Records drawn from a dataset
============================================================

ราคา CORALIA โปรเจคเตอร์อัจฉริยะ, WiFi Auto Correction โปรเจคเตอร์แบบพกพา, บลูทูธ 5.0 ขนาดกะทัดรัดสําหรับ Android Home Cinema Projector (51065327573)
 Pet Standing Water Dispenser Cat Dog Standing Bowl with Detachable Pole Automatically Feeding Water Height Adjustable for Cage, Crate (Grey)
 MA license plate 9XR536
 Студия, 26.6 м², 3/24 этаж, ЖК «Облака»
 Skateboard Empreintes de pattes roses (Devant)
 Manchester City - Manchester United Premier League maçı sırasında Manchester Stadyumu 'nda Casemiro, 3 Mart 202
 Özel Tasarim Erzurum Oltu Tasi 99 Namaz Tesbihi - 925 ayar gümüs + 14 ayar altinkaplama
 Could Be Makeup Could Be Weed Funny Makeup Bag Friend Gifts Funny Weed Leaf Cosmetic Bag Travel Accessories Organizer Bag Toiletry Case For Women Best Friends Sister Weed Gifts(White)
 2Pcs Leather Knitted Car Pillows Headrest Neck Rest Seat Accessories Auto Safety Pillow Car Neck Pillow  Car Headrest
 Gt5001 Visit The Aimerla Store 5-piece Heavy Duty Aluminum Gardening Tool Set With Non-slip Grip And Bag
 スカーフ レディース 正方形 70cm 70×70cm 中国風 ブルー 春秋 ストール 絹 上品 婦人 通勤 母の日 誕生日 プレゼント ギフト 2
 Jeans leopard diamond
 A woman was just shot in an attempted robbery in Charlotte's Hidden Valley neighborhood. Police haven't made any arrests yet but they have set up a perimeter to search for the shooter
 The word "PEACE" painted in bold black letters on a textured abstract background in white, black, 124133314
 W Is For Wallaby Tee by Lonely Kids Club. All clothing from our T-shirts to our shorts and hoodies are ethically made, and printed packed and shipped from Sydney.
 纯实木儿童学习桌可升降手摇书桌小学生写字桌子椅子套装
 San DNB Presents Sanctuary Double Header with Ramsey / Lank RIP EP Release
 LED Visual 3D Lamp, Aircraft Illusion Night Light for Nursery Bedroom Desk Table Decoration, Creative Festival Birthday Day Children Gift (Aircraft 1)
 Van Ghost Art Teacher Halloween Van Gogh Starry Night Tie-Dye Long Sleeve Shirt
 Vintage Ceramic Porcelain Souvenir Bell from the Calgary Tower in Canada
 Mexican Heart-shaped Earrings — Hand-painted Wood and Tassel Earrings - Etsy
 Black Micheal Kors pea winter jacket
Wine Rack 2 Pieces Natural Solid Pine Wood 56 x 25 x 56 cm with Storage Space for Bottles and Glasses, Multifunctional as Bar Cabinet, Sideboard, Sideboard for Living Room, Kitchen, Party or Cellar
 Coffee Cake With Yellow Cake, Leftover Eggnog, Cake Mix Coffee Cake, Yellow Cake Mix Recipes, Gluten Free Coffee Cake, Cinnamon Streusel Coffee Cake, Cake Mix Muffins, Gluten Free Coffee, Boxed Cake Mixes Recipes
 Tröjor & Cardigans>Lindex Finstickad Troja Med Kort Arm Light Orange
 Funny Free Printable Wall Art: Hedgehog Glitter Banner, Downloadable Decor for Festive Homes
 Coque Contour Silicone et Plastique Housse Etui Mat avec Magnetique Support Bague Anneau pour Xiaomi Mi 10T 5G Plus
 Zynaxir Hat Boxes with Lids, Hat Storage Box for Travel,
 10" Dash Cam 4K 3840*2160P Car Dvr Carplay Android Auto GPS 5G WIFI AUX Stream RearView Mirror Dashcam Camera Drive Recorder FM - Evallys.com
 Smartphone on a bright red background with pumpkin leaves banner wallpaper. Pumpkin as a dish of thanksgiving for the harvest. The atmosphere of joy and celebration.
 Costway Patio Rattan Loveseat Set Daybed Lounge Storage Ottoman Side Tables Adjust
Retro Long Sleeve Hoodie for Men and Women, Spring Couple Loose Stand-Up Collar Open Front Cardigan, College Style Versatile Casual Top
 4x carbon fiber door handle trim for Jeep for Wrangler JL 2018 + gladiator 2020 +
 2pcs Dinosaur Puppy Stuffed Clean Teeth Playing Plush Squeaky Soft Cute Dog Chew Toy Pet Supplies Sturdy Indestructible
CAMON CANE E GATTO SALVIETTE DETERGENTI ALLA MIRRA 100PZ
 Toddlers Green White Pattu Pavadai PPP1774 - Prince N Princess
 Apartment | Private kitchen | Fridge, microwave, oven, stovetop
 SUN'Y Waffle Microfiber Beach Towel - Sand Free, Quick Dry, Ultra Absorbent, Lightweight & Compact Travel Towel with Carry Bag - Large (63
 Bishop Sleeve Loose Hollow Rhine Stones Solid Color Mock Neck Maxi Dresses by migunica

============================================================

# What you will do:
Take the lines above from the one containing "Skateboard Empreintes de" down to the one containing "San DNB Presents", and transcribe them exactly, both ends included.

# Answer space:
 Skateboard Empreintes de pattes roses (Devant)
 Manchester City - Manchester United Premier League maçı sırasında Manchester Stadyumu 'nda Casemiro, 3 Mart 202
 Özel Tasarim Erzurum Oltu Tasi 99 Namaz Tesbihi - 925 ayar gümüs + 14 ayar altinkaplama
 Could Be Makeup Could Be Weed Funny Makeup Bag Friend Gifts Funny Weed Leaf Cosmetic Bag Travel Accessories Organizer Bag Toiletry Case For Women Best Friends Sister Weed Gifts(White)
 2Pcs Leather Knitted Car Pillows Headrest Neck Rest Seat Accessories Auto Safety Pillow Car Neck Pillow  Car Headrest
 Gt5001 Visit The Aimerla Store 5-piece Heavy Duty Aluminum Gardening Tool Set With Non-slip Grip And Bag
 スカーフ レディース 正方形 70cm 70×70cm 中国風 ブルー 春秋 ストール 絹 上品 婦人 通勤 母の日 誕生日 プレゼント ギフト 2
 Jeans leopard diamond
 A woman was just shot in an attempted robbery in Charlotte's Hidden Valley neighborhood. Police haven't made any arrests yet but they have set up a perimeter to search for the shooter
 The word "PEACE" painted in bold black letters on a textured abstract background in white, black, 124133314
 W Is For Wallaby Tee by Lonely Kids Club. All clothing from our T-shirts to our shorts and hoodies are ethically made, and printed packed and shipped from Sydney.
 纯实木儿童学习桌可升降手摇书桌小学生写字桌子椅子套装
 San DNB Presents Sanctuary Double Header with Ramsey / Lank RIP EP Release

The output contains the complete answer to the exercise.